The Israel-Hamas conflict has fueled a wave of hacktivist activity, with groups like SiegedSec launching disruptive attacks and leaking sensitive information. SiegedSec, known for its social justice agenda, has targeted companies, and government infrastructure, and even collaborated with other cybercriminal groups.

Hackread.com reported on some of SiegedSec’s cyber attacks, including the data breach of the Stalkerware app TheTruthSpy, the NATO breach, and the PII data leak of INL (Idaho National Laboratory) employees.

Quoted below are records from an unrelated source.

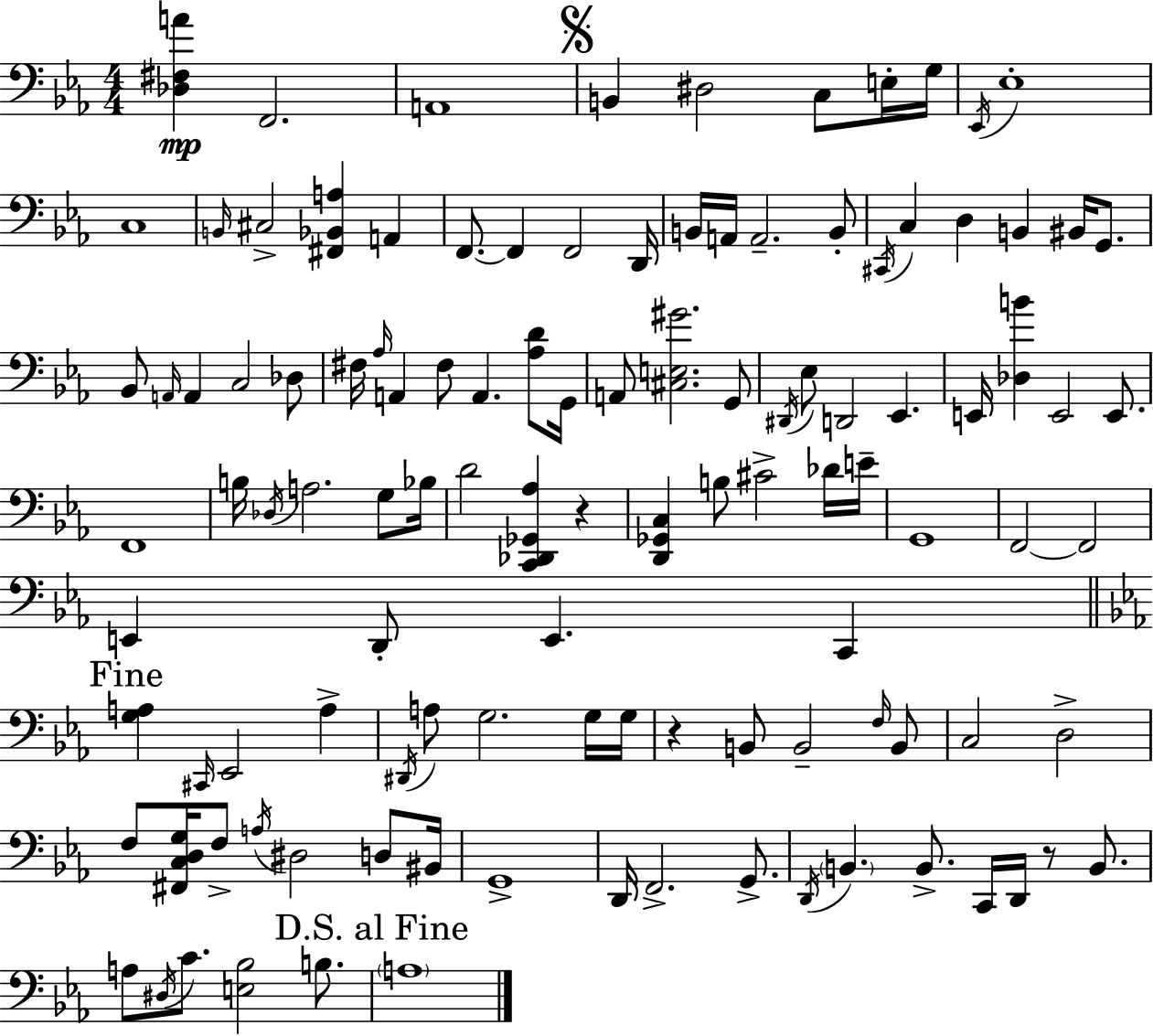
[Db3,F#3,A4]/q F2/h. A2/w B2/q D#3/h C3/e E3/s G3/s Eb2/s Eb3/w C3/w B2/s C#3/h [F#2,Bb2,A3]/q A2/q F2/e. F2/q F2/h D2/s B2/s A2/s A2/h. B2/e C#2/s C3/q D3/q B2/q BIS2/s G2/e. Bb2/e A2/s A2/q C3/h Db3/e F#3/s Ab3/s A2/q F#3/e A2/q. [Ab3,D4]/e G2/s A2/e [C#3,E3,G#4]/h. G2/e D#2/s Eb3/e D2/h Eb2/q. E2/s [Db3,B4]/q E2/h E2/e. F2/w B3/s Db3/s A3/h. G3/e Bb3/s D4/h [C2,Db2,Gb2,Ab3]/q R/q [D2,Gb2,C3]/q B3/e C#4/h Db4/s E4/s G2/w F2/h F2/h E2/q D2/e E2/q. C2/q [G3,A3]/q C#2/s Eb2/h A3/q D#2/s A3/e G3/h. G3/s G3/s R/q B2/e B2/h F3/s B2/e C3/h D3/h F3/e [F#2,C3,D3,G3]/s F3/e A3/s D#3/h D3/e BIS2/s G2/w D2/s F2/h. G2/e. D2/s B2/q. B2/e. C2/s D2/s R/e B2/e. A3/e D#3/s C4/e. [E3,Bb3]/h B3/e. A3/w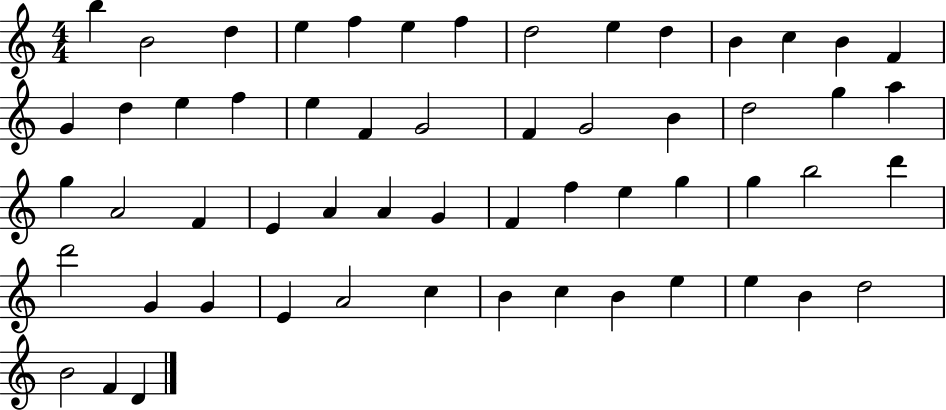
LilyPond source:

{
  \clef treble
  \numericTimeSignature
  \time 4/4
  \key c \major
  b''4 b'2 d''4 | e''4 f''4 e''4 f''4 | d''2 e''4 d''4 | b'4 c''4 b'4 f'4 | \break g'4 d''4 e''4 f''4 | e''4 f'4 g'2 | f'4 g'2 b'4 | d''2 g''4 a''4 | \break g''4 a'2 f'4 | e'4 a'4 a'4 g'4 | f'4 f''4 e''4 g''4 | g''4 b''2 d'''4 | \break d'''2 g'4 g'4 | e'4 a'2 c''4 | b'4 c''4 b'4 e''4 | e''4 b'4 d''2 | \break b'2 f'4 d'4 | \bar "|."
}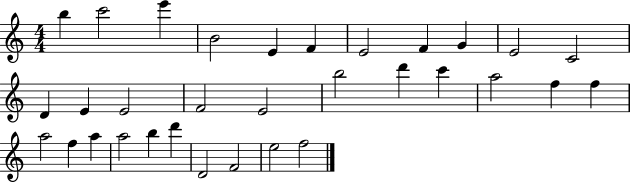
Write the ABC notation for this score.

X:1
T:Untitled
M:4/4
L:1/4
K:C
b c'2 e' B2 E F E2 F G E2 C2 D E E2 F2 E2 b2 d' c' a2 f f a2 f a a2 b d' D2 F2 e2 f2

Expanding Targets and Cross-Platform Development:

The Spyrtacus malware, previously targeting individuals in Italy via Android devices, has now evolved to include a Windows variant. Evidence suggests the group may be expanding its operations to other countries in Europe, Africa, and the Middle East, highlighting the growing trend of cross-platform malware development.

Stay Protected!

The first quarter of 2024 shows the dangers of cybersecurity can not be underestimated. While social engineering remains a dominant tactic, APT groups are constantly innovating and expanding their reach.

Organizations and individuals must remain alert, understand their specific threat profiles, and implement proper security measures to mitigate their risks. Another area to focus on is the need for cybersecurity training for employees, especially since many reported cyberattacks occurred through simple phishing scams.